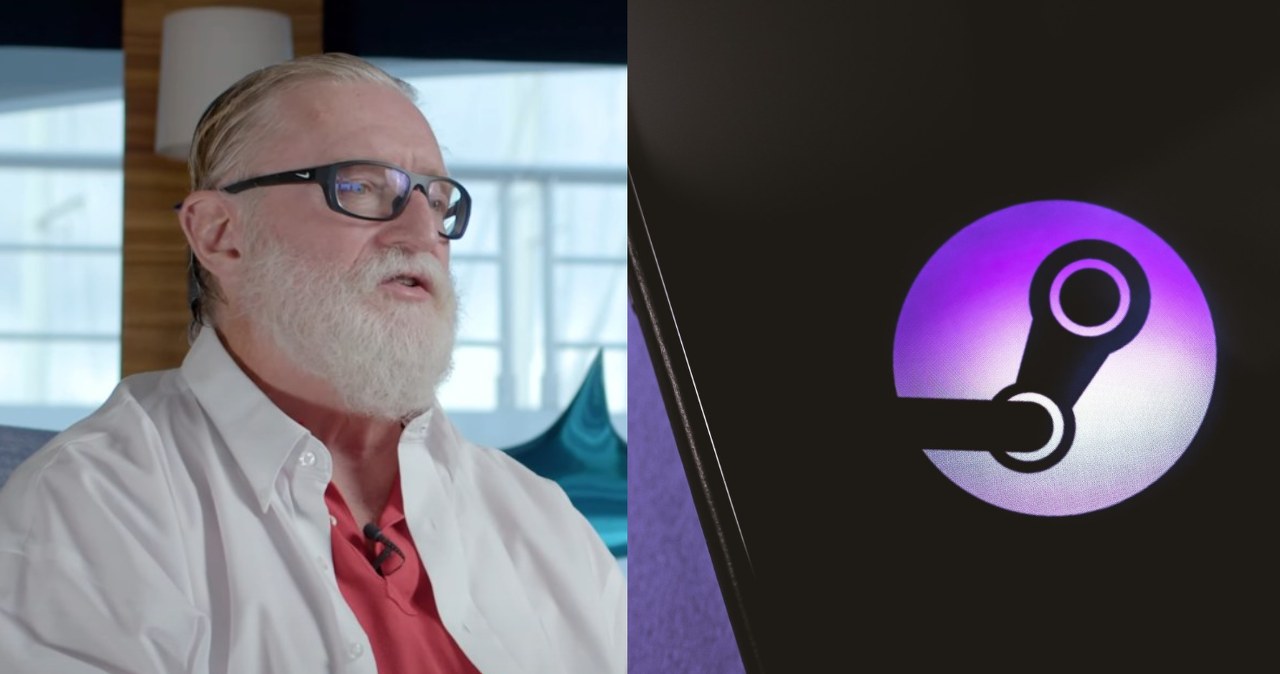 „Valve“ kaltinama spaudusi „Ubisoft“ ir „Warner Bros.“: ar „Steam“ verčia kelti žaidimų kainas?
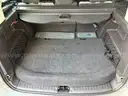2015 Ford C-Max Hybrid  SE Sedan, Low Miles! Under 89K (ID# 41609) (W25) (25-3030) 179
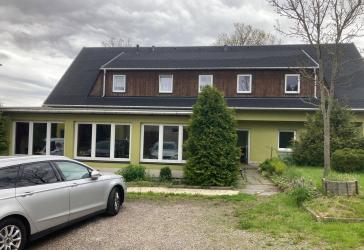 Vorschaubild Sonstiges Haus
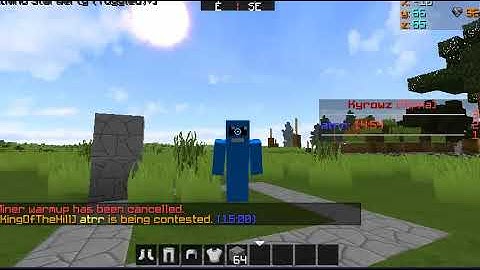 New HCF Core with factions, and custom scoreboard  (no notorious core) 0 Bugs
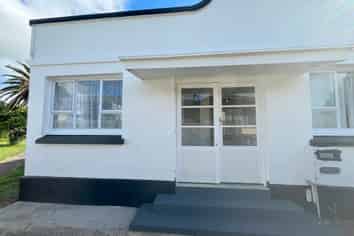 Northland - Address withheld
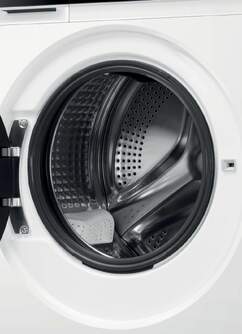 LVD. HAIER HW100BP14357UIB 10K 1400R ABT VAPOR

········

Transcribe only these lines, exactly: the first line of the listing, every line after it, and the line with "New HCF Core", where the copy ends. Include no picture.

**RESPONSE AREA:**
 „Valve“ kaltinama spaudusi „Ubisoft“ ir „Warner Bros.“: ar „Steam“ verčia kelti žaidimų kainas?
2015 Ford C-Max Hybrid  SE Sedan, Low Miles! Under 89K (ID# 41609) (W25) (25-3030) 179
 Vorschaubild Sonstiges Haus
 New HCF Core with factions, and custom scoreboard  (no notorious core) 0 Bugs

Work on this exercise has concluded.